◆ AIM OF THE TASK ◆
Every line below from the one containing "kallan knit dress" through the one containing "Wolkenkratzer, Architektur, Gebäude, Cloud, Licht." is to be printed exactly, with the pictures omitted.

◆ Image-text web data ◆
↓

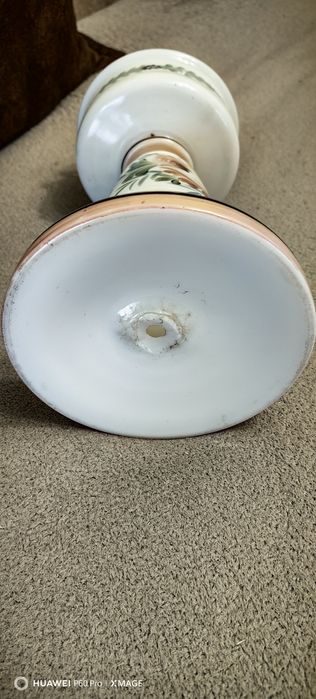 Стара,керамична,газена лампа...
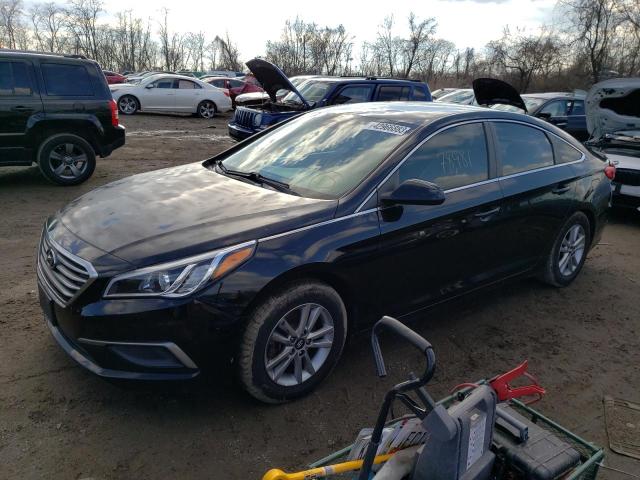 HYUNDAI SONATA SE 2016 with VIN 5NPE24AF9GH348287 - Photo from auction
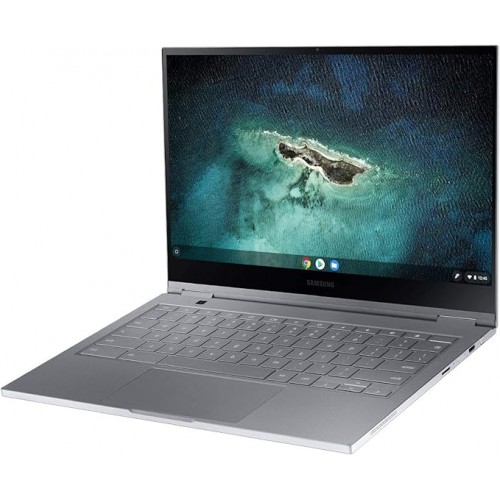 SAMSUNG 13.3” Galaxy Chromebook Laptop Computer w/ 256GB Storage, 8GB RAM, ‎4K AMOLED Touchscreen Display, Ultra Slim Design, Chrome OS, WiFi 6, Mercury Gray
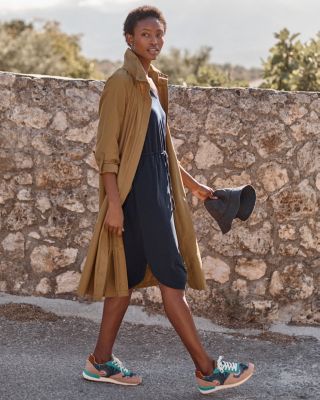 kallan knit dress - brown Keyhole Knit Dress (23DR023C-BRASS) main image 1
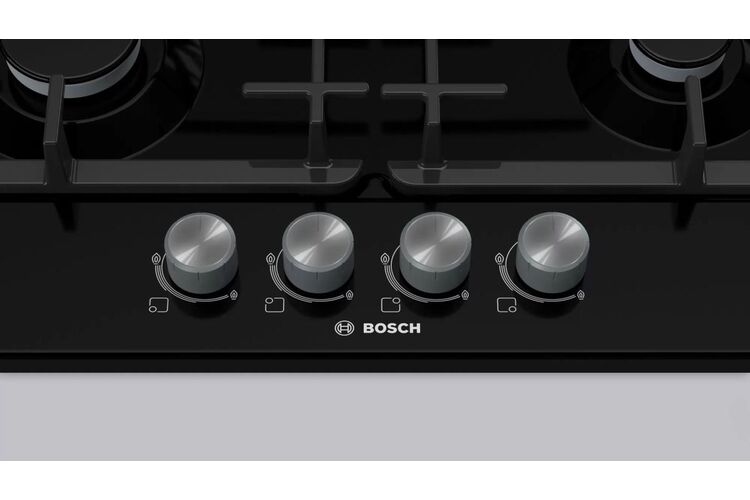 Bosch Варильна поверхня газова -60см/4 конф/чавун/чорний, изображение 3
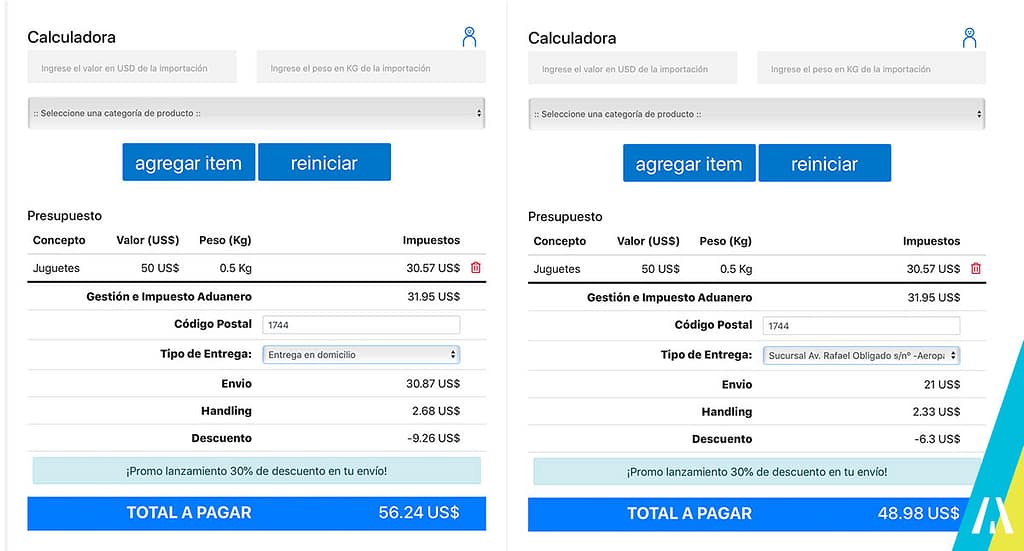 Aerolineas Argentinas Courier
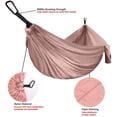 thumbnail image 2 of Gold Armour Camping Hammock - Extra Large Double Parachute Hammock - Rose Gold, 2 of 3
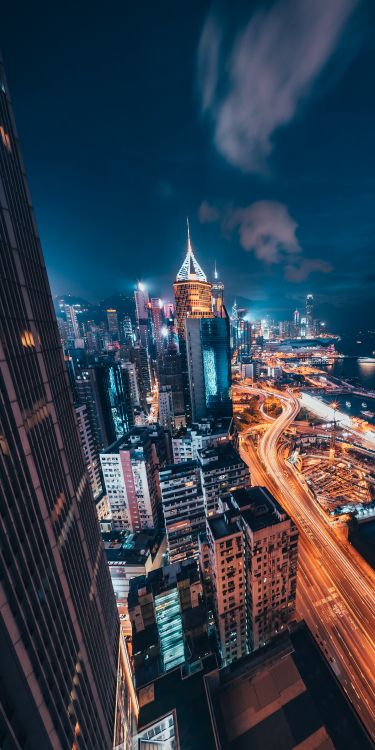 Wolkenkratzer, Architektur, Gebäude, Cloud, Licht. Wallpaper in 3315x6630 Resolution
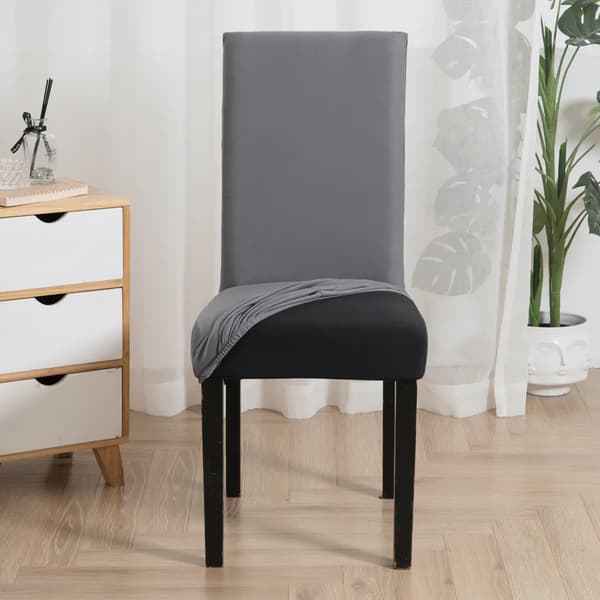 6 stk. strekkbare stoltrekk - vaskbare strekkbare stoltrekk grå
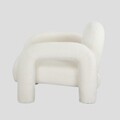 Fotoliu Sedia, Homla, 95x88x70 cm, metal/MDF/tesatura teddy boucle, ecru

↑

◆ RESPONSE BOX ◆
 kallan knit dress - brown Keyhole Knit Dress (23DR023C-BRASS) main image 1
 Bosch Варильна поверхня газова -60см/4 конф/чавун/чорний, изображение 3
 Aerolineas Argentinas Courier
 thumbnail image 2 of Gold Armour Camping Hammock - Extra Large Double Parachute Hammock - Rose Gold, 2 of 3
 Wolkenkratzer, Architektur, Gebäude, Cloud, Licht. Wallpaper in 3315x6630 Resolution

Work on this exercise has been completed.